**EXERCISE:** Exact copy, no pictures: every line from the one that contains "I'm A B Don't" through the end of the data below, and nothing else.

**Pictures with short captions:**

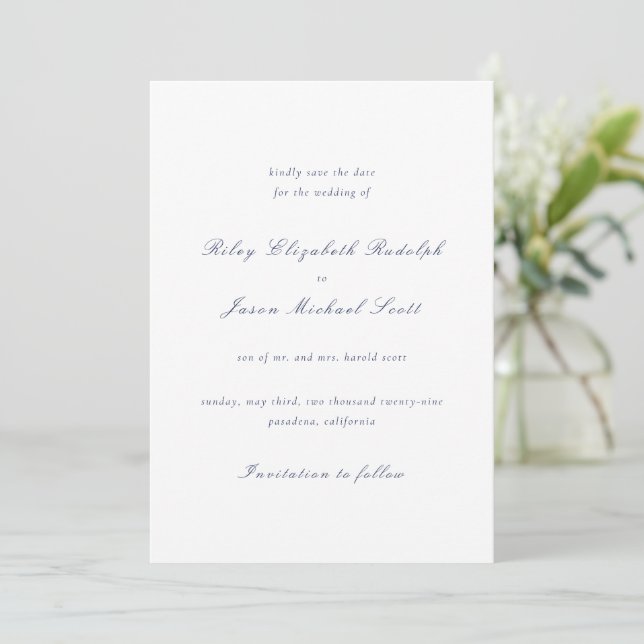 Save The Date Mariage Élégant Bleu Marine Propre (Debout devant)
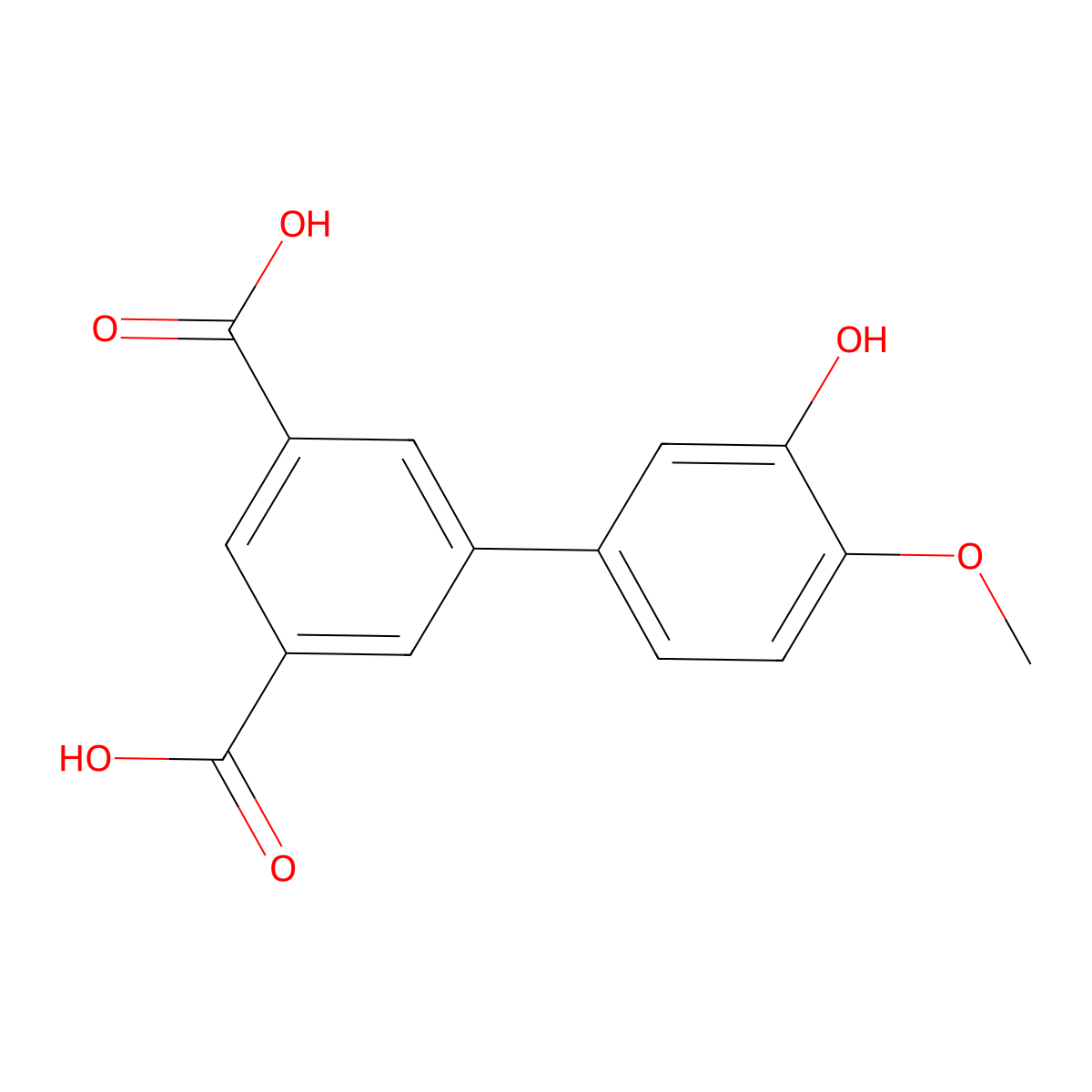 5-(3,5-Dicarboxyphenyl)-2-methoxyphenol molecular structure, CAS 1261968-54-0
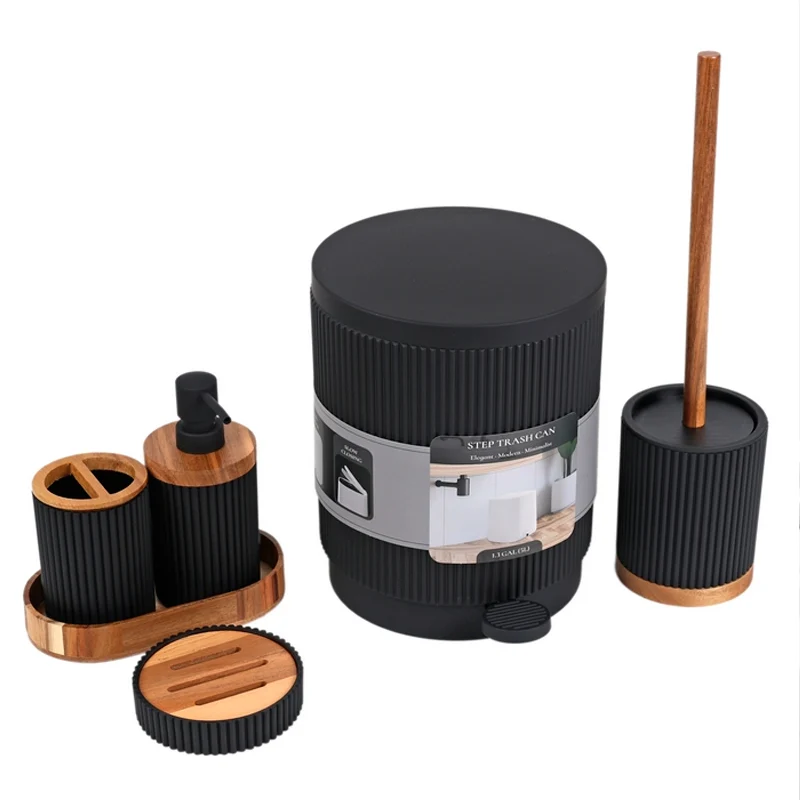 Juego de Accesorios para Baño Set de 6 Piezas Diseño Acanalado Negro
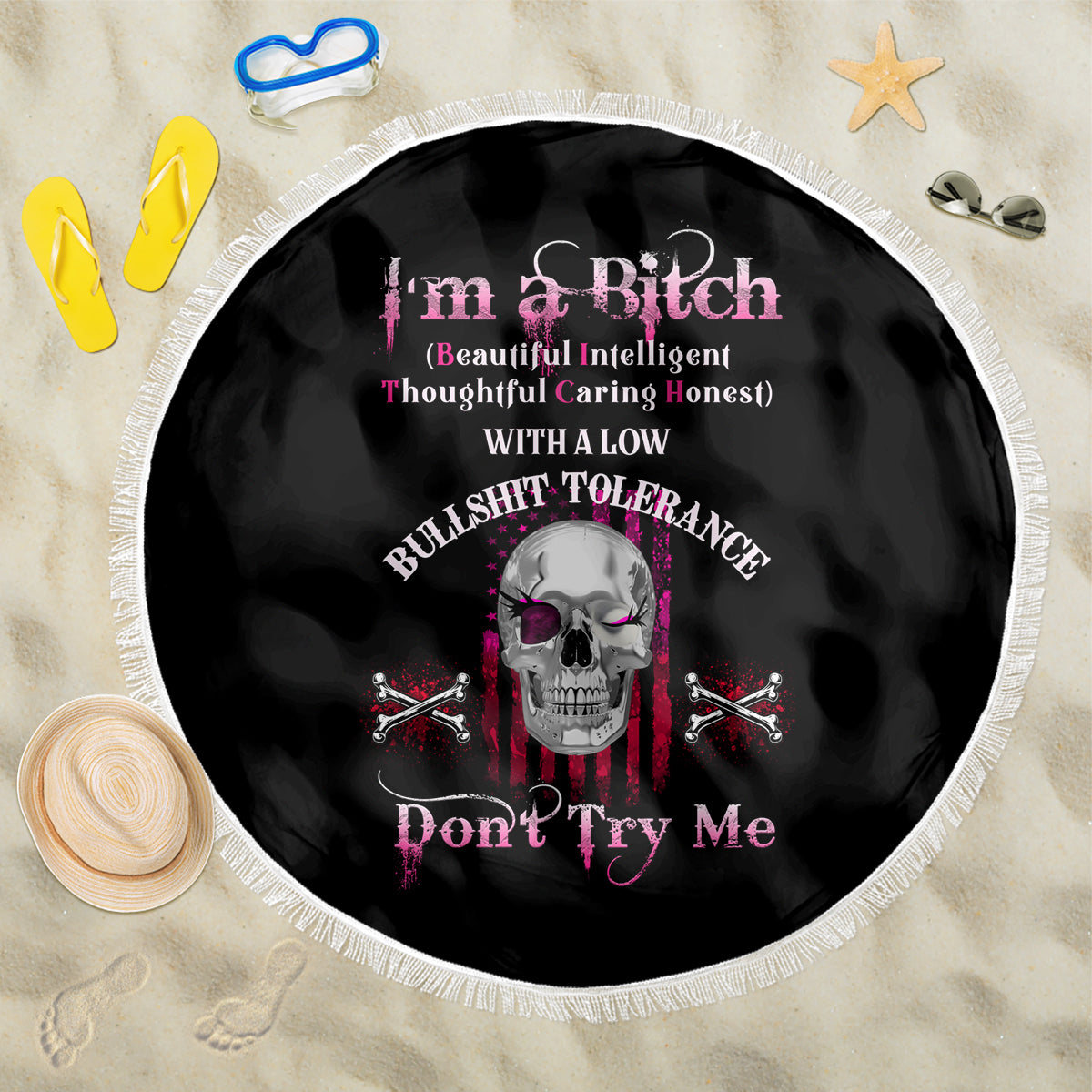 I'm A B Don't Try Me Beach Blanket - Wonder Print Shop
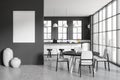 Grey kitchen interior with dining area near panoramic window. Mockup frame Royalty Free Stock Photo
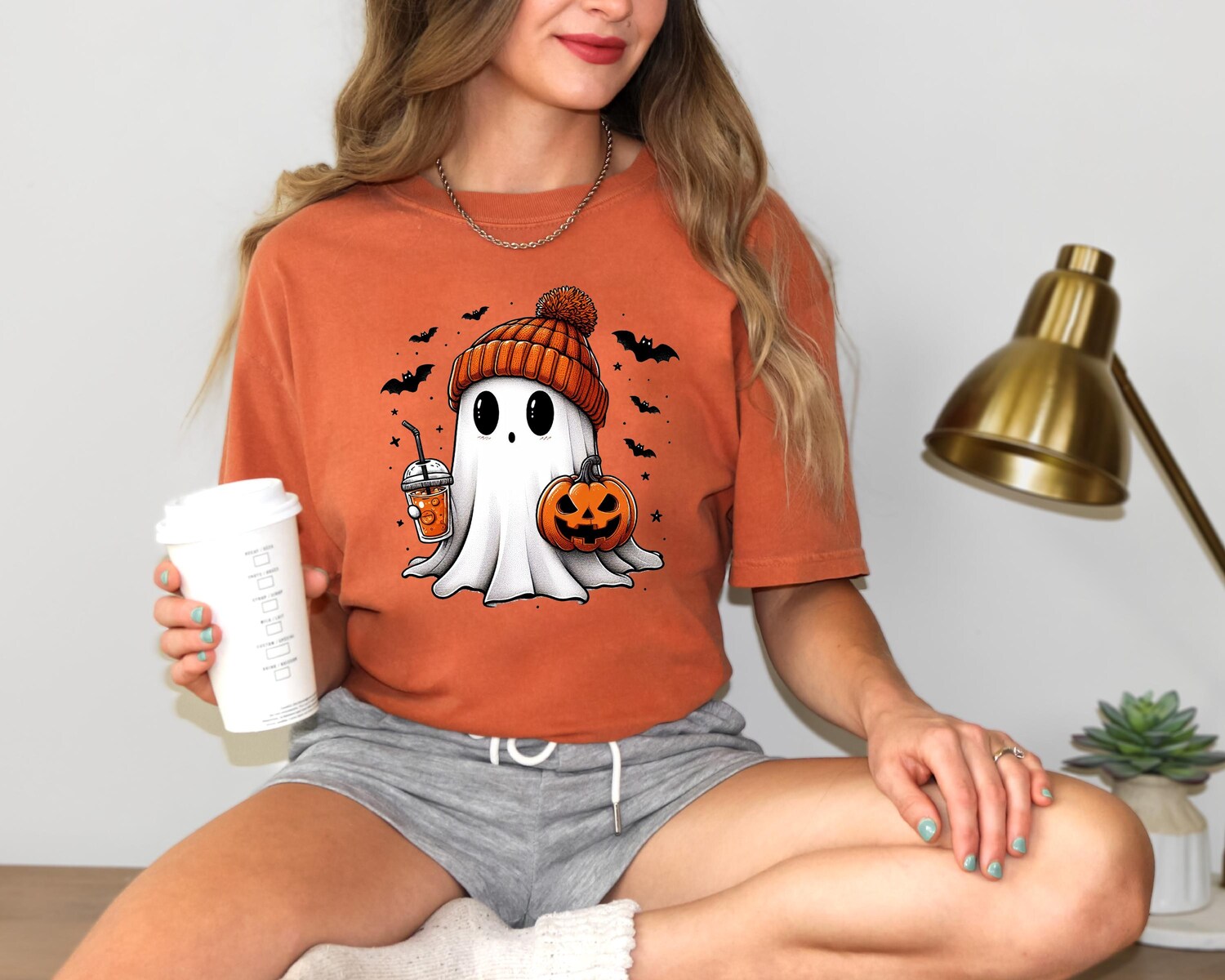 Halloween Ghost Shirt - Cute Women's Tee for Spooky Season and Trick or Treat image 1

**WRITTEN RESPONSE:**
 I'm A B Don't Try Me Beach Blanket - Wonder Print Shop
 Grey kitchen interior with dining area near panoramic window. Mockup frame Royalty Free Stock Photo
 Halloween Ghost Shirt - Cute Women's Tee for Spooky Season and Trick or Treat image 1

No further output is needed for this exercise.